» Data shown
####################

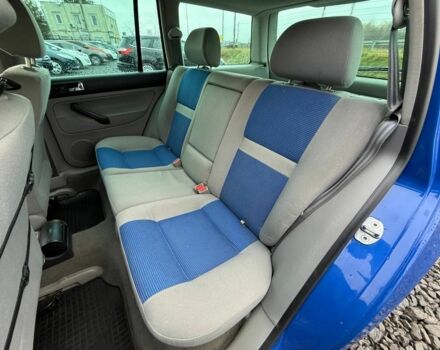 Синий Фольксваген Гольф, объемом двигателя 1.4 л и пробегом 230 тыс. км за 3500 $, фото 6 на Automoto.ua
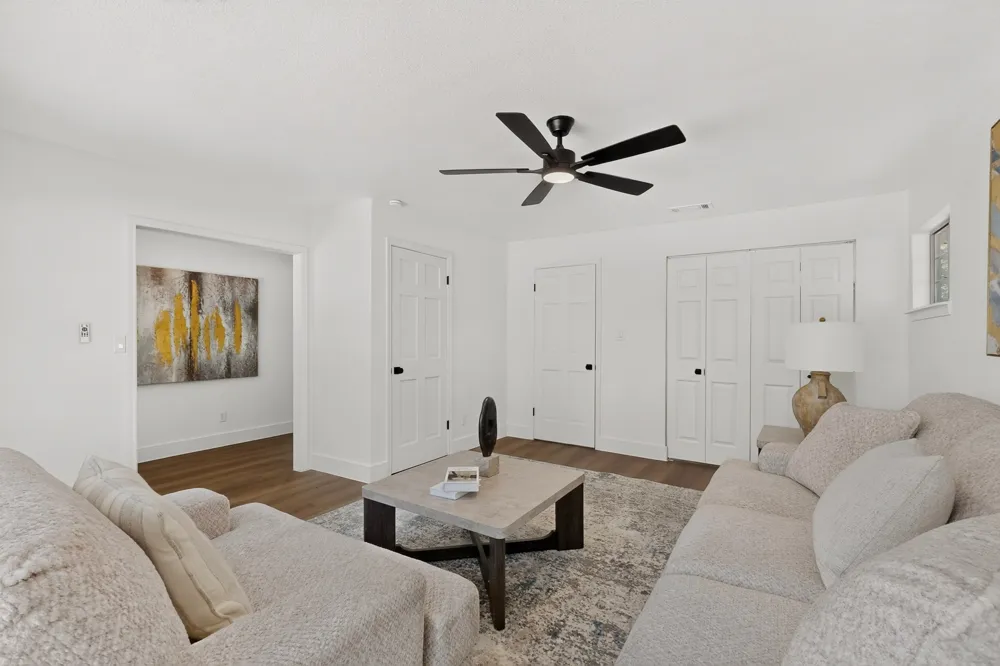 516 Clover Lane Garland, TX 75043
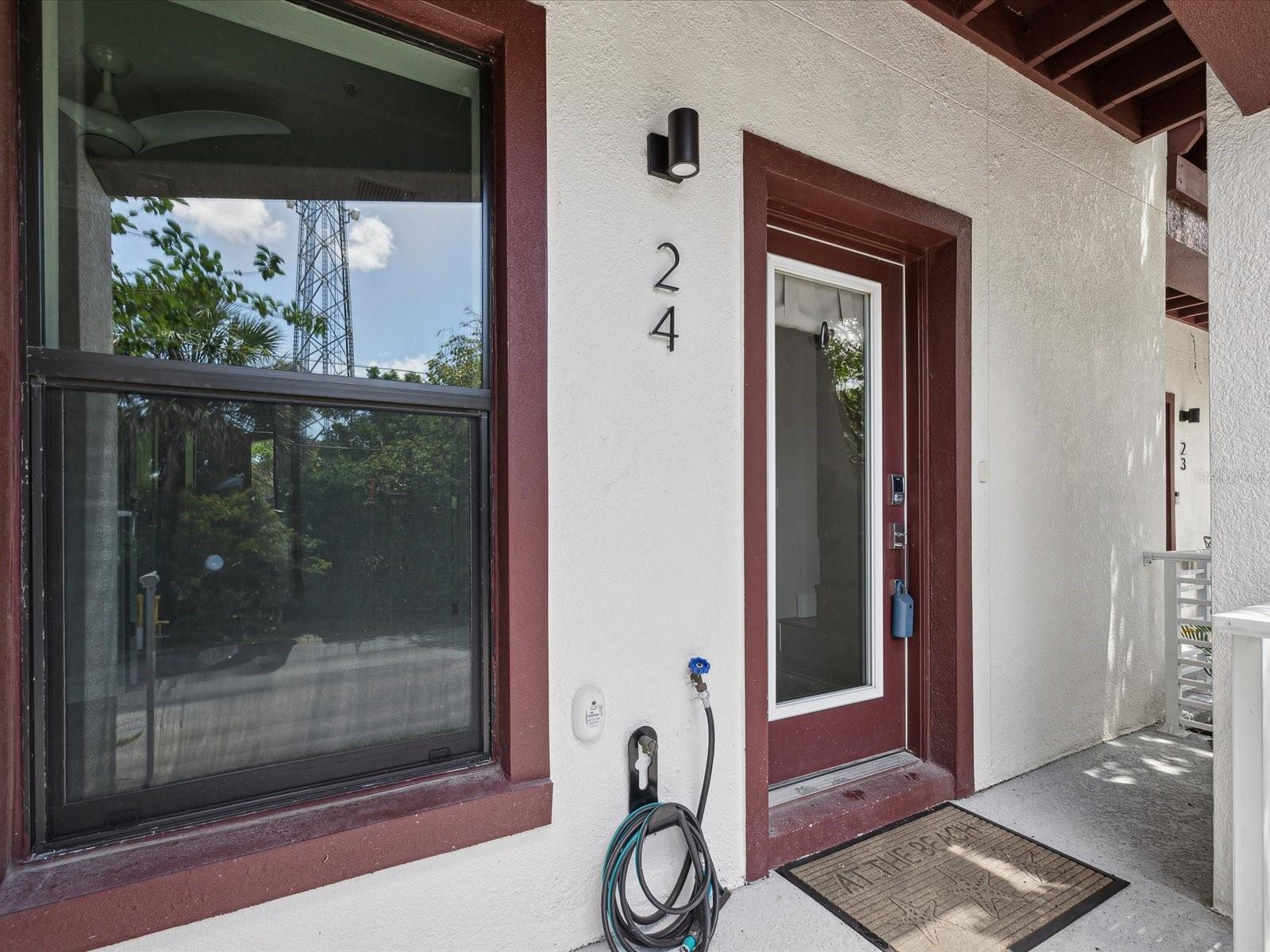 Image 39 of 87 For 946 Highand Avenue 24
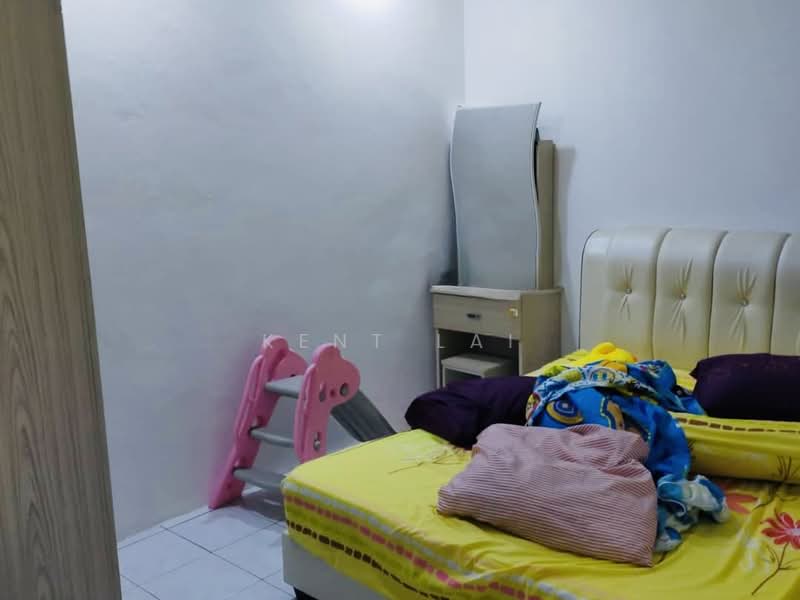 Condominium for Sale at Villa Condominium - Kent Lai - Bedroom - PropertyGuru.com.my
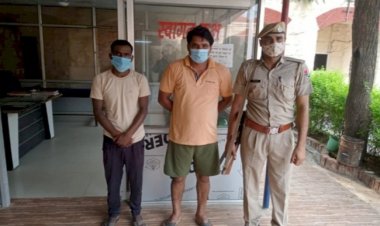 थाना अधिकारी विक्रम सिंह चौधरी ने रंगे हाथों किया गिरफ्तार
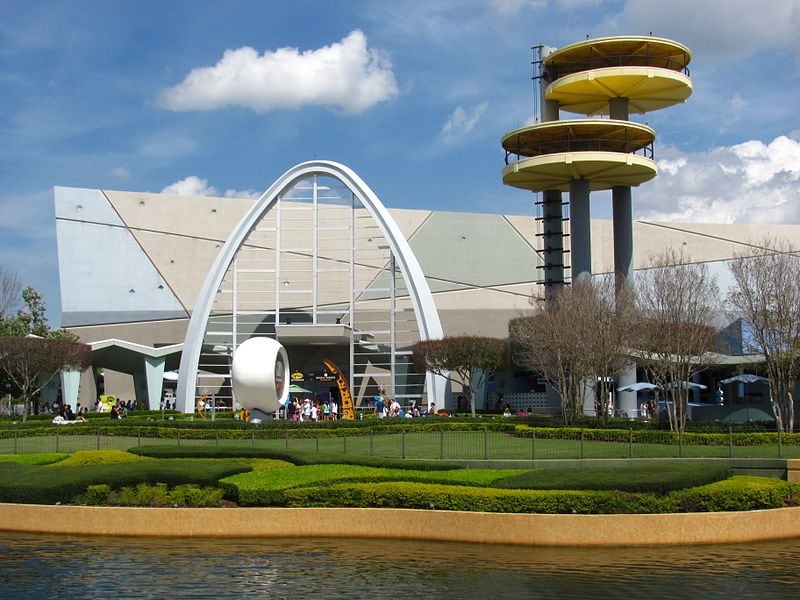 メイン・イン・ブラックと一緒に戦いに行こう!(C)Jeremy Thompso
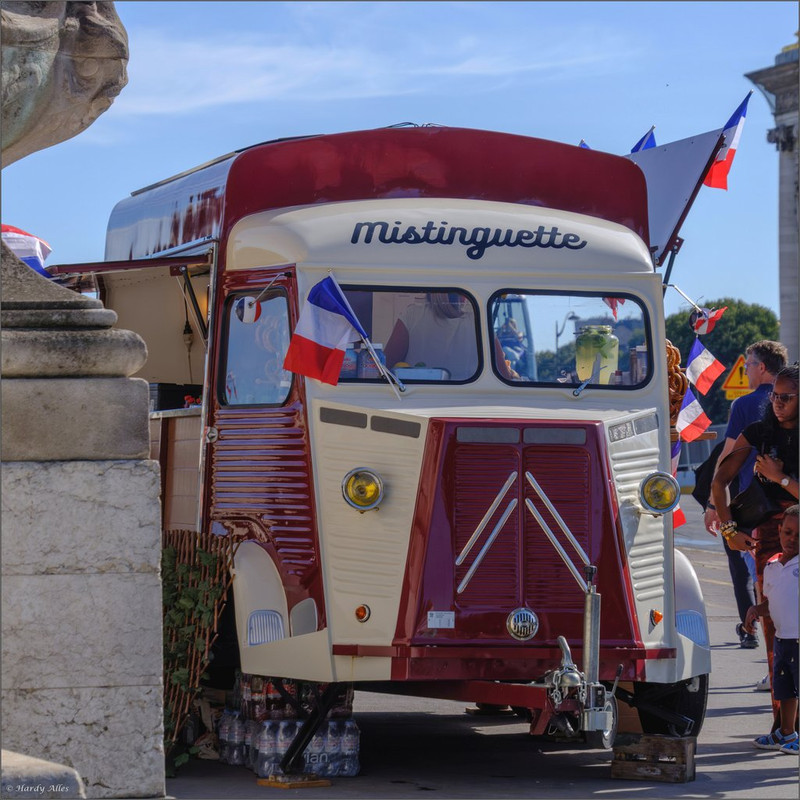 XT5B9988 2025 Paris LR ERWZ FB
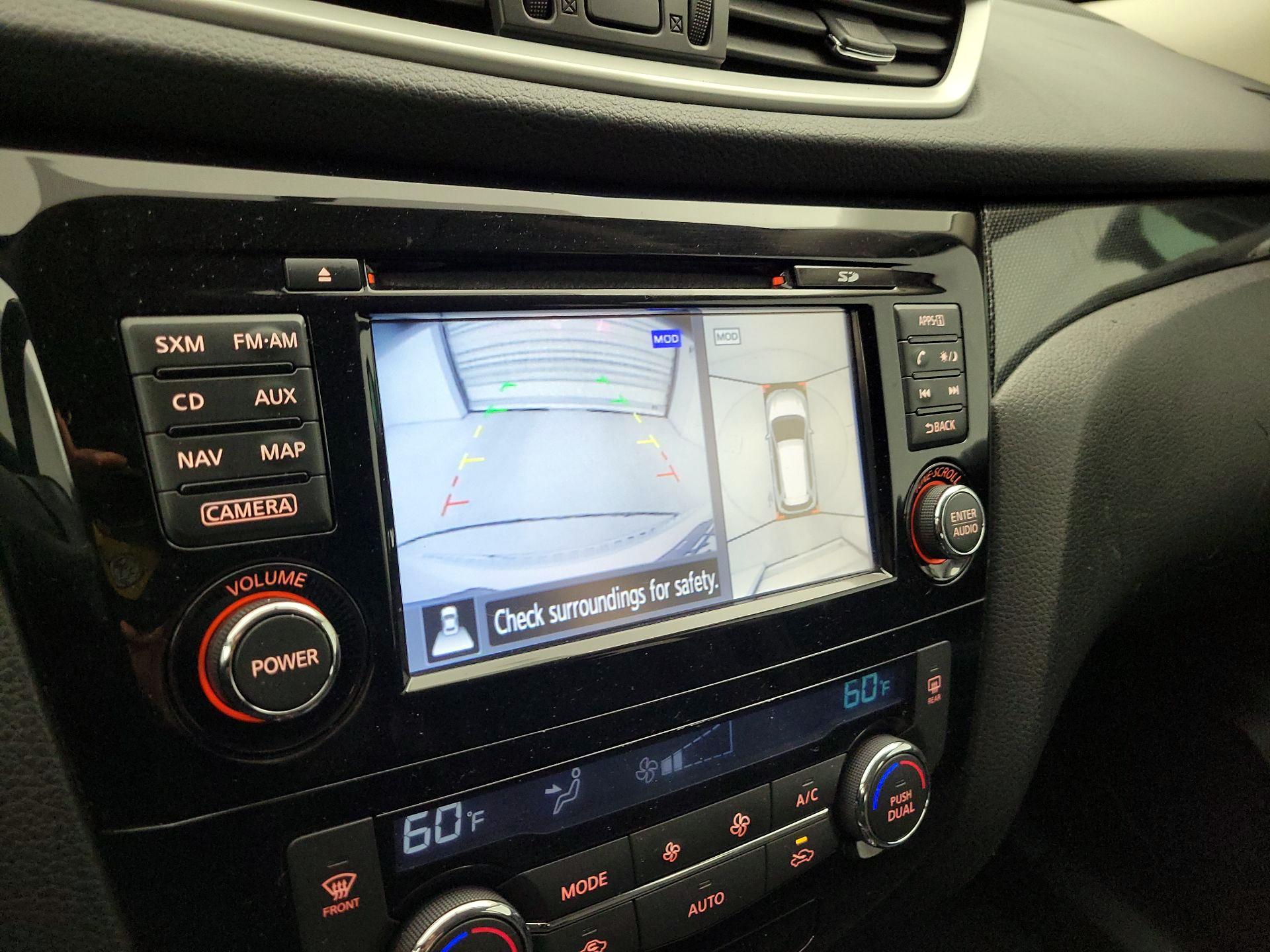 Thumbnail: 2016 Nissan Rogue - 15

####################

Starting at the first line of the material, output exactly the lines up to and including the one with "メイン・イン・ブラックと一緒に戦いに行こう!(C)Jeremy Thompso". Do not include the pictures.

» Answer below
 Синий Фольксваген Гольф, объемом двигателя 1.4 л и пробегом 230 тыс. км за 3500 $, фото 6 на Automoto.ua
 516 Clover Lane Garland, TX 75043
 Image 39 of 87 For 946 Highand Avenue 24
 Condominium for Sale at Villa Condominium - Kent Lai - Bedroom - PropertyGuru.com.my
 थाना अधिकारी विक्रम सिंह चौधरी ने रंगे हाथों किया गिरफ्तार
 メイン・イン・ブラックと一緒に戦いに行こう!(C)Jeremy Thompso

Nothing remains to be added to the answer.